Asset management titan BlackRock has sounded the alarm on a surge in crypto scams aimed at investors in its iShares spot Bitcoin and Ether ETFs.
In a recent post on X, the company cautioned against engaging with social media impersonators pretending to be BlackRock representatives.
The alert specifically advises investors to steer clear of any social media interactions with entities posing as BlackRock.
“There has been a spike in investment-related scams, including directing users toward crypto investment-related websites and/or social media platforms such as WhatsApp or Telegram,” the company said.

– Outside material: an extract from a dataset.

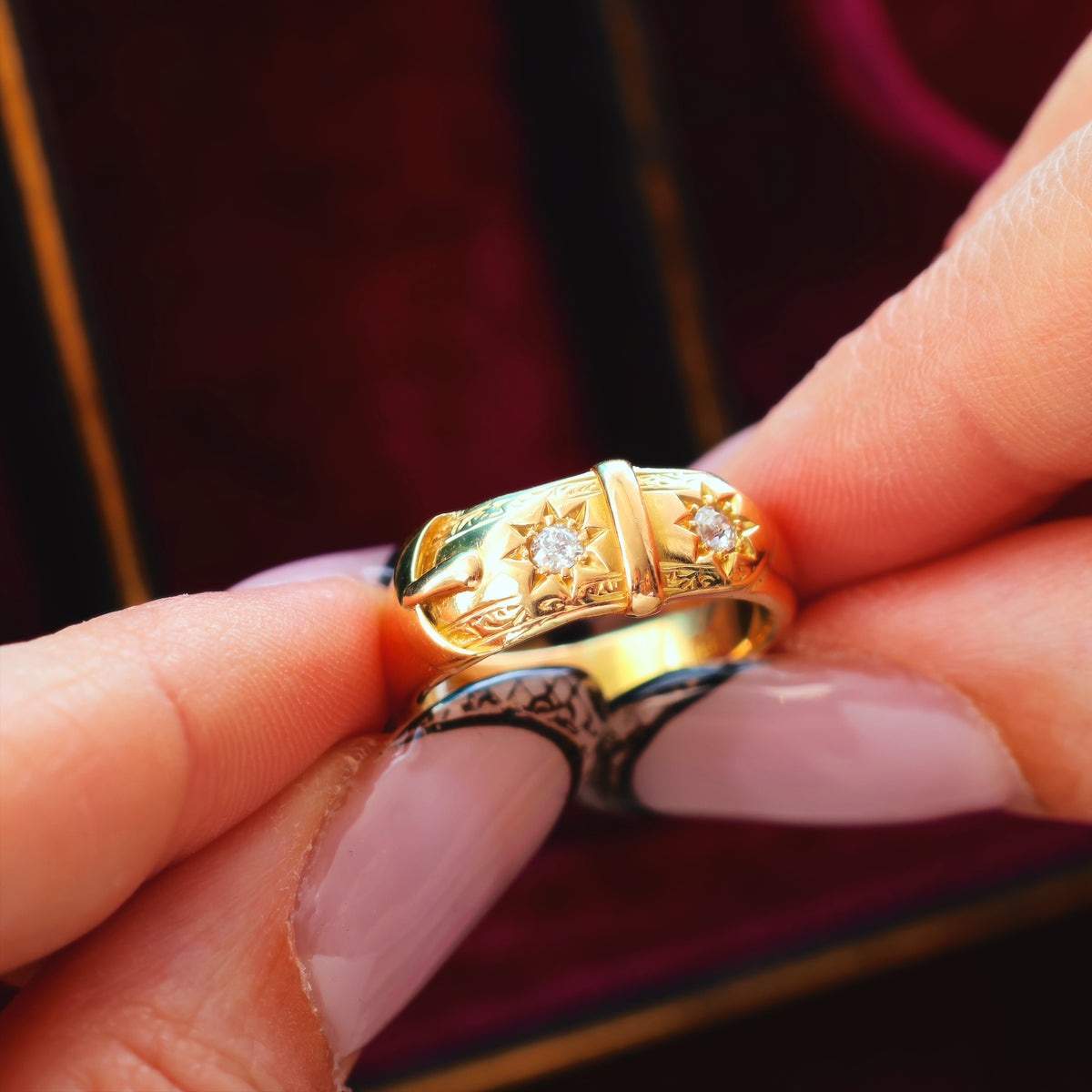 Antique Date 1899 Diamond 'Fidelity' Buckle Wedding Ring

Scams Targeting Bitcoin ETF Investors Increase
BlackRock’s statement highlights the growing prevalence of investment-related scams, which frequently direct users to fraudulent crypto investment websites or social media platforms such as WhatsApp or Telegram.
The increase in scams targeting Bitcoin ETF investors is particularly concerning.

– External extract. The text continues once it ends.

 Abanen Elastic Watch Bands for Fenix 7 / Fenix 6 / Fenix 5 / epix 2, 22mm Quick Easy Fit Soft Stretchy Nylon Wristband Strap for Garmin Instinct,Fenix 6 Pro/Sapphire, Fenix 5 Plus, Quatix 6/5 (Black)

These scammers are exploiting social media to impersonate BlackRock and deceive ETF investors.
BlackRock emphasized that it never contacts users via social media to solicit payments or offer investment opportunities.
“Please remain vigilant and if you suspect fraudulent activity, do not proceed.”
There has been a spike in investment-related scams, including directing users toward crypto investment-related websites and/or social media platforms such as WhatsApp or Telegram. We urge caution in dealing with individuals, websites or social media platforms using our brand and…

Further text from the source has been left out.